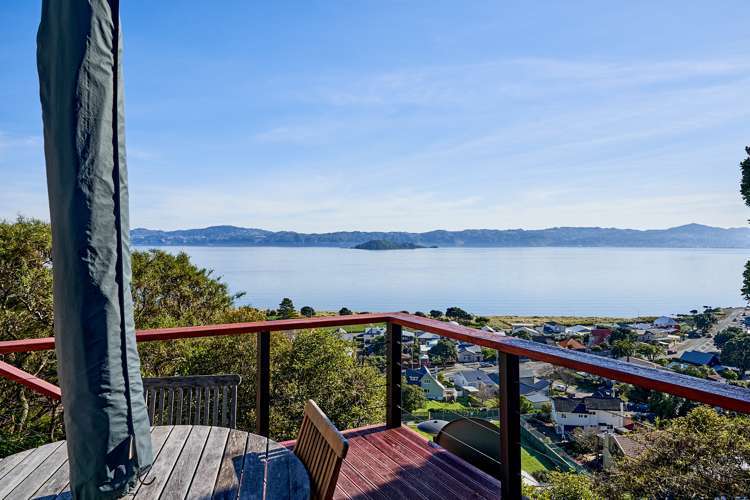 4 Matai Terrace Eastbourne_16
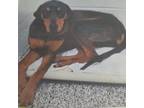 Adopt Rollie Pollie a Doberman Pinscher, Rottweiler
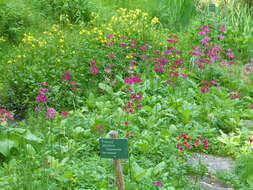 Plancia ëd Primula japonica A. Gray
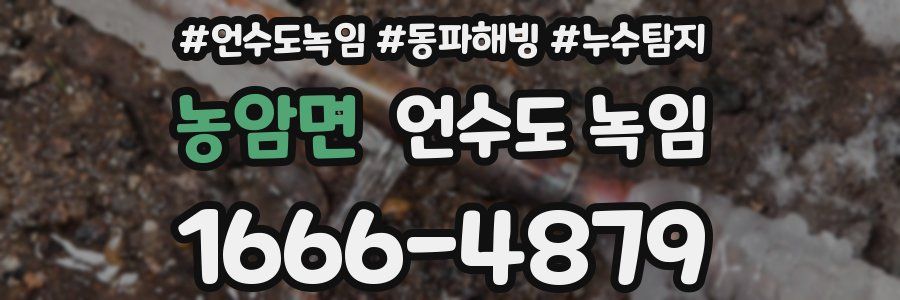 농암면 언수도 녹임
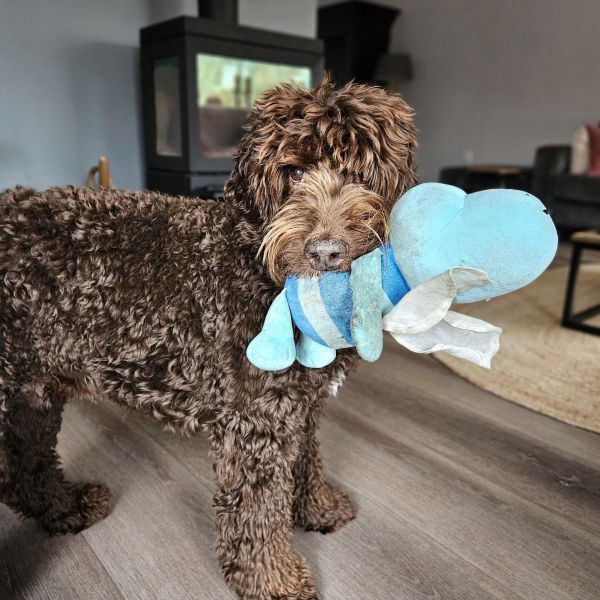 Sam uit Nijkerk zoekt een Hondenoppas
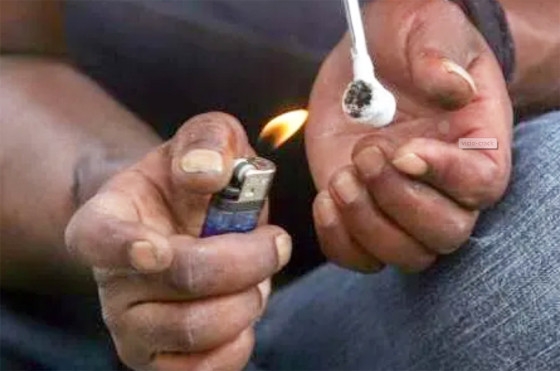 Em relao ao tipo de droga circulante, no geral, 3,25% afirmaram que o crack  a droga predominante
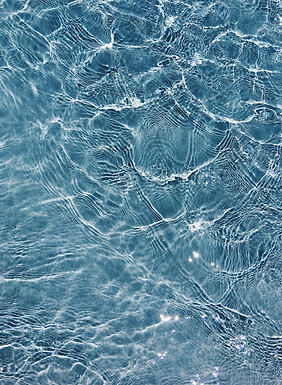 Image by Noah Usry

---

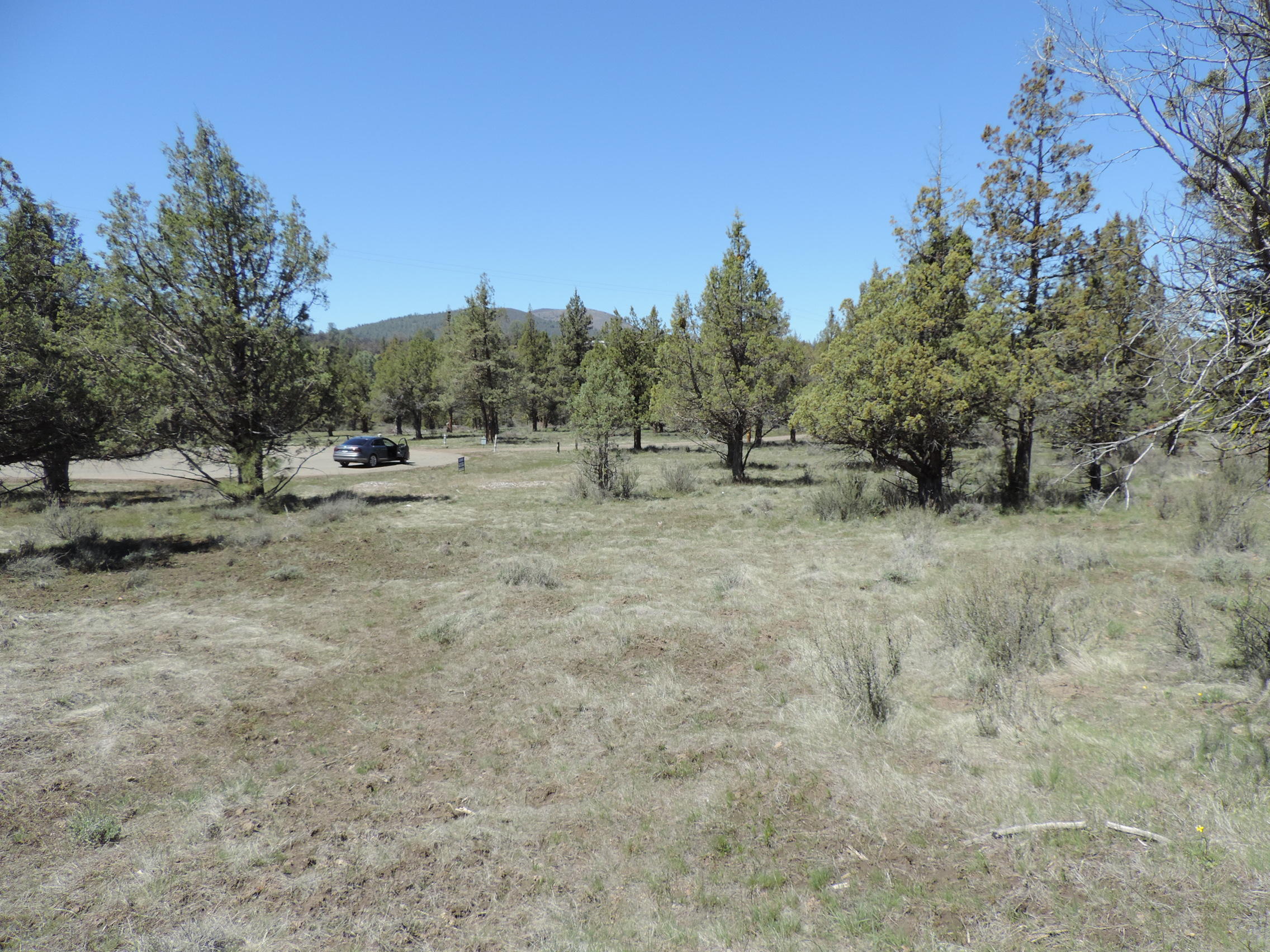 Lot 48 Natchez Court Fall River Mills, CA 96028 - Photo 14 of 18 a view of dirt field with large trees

● Requirement:
In the listing above, find the line containing "4 Matai Terrace Eastbourne_16" and the line containing "Image by Noah Usry"; print those lines and every line between them exactly, leaving out pictures.

● Exercise solution:
 4 Matai Terrace Eastbourne_16
 Adopt Rollie Pollie a Doberman Pinscher, Rottweiler
 Plancia ëd Primula japonica A. Gray
 농암면 언수도 녹임
 Sam uit Nijkerk zoekt een Hondenoppas
 Em relao ao tipo de droga circulante, no geral, 3,25% afirmaram que o crack  a droga predominante
 Image by Noah Usry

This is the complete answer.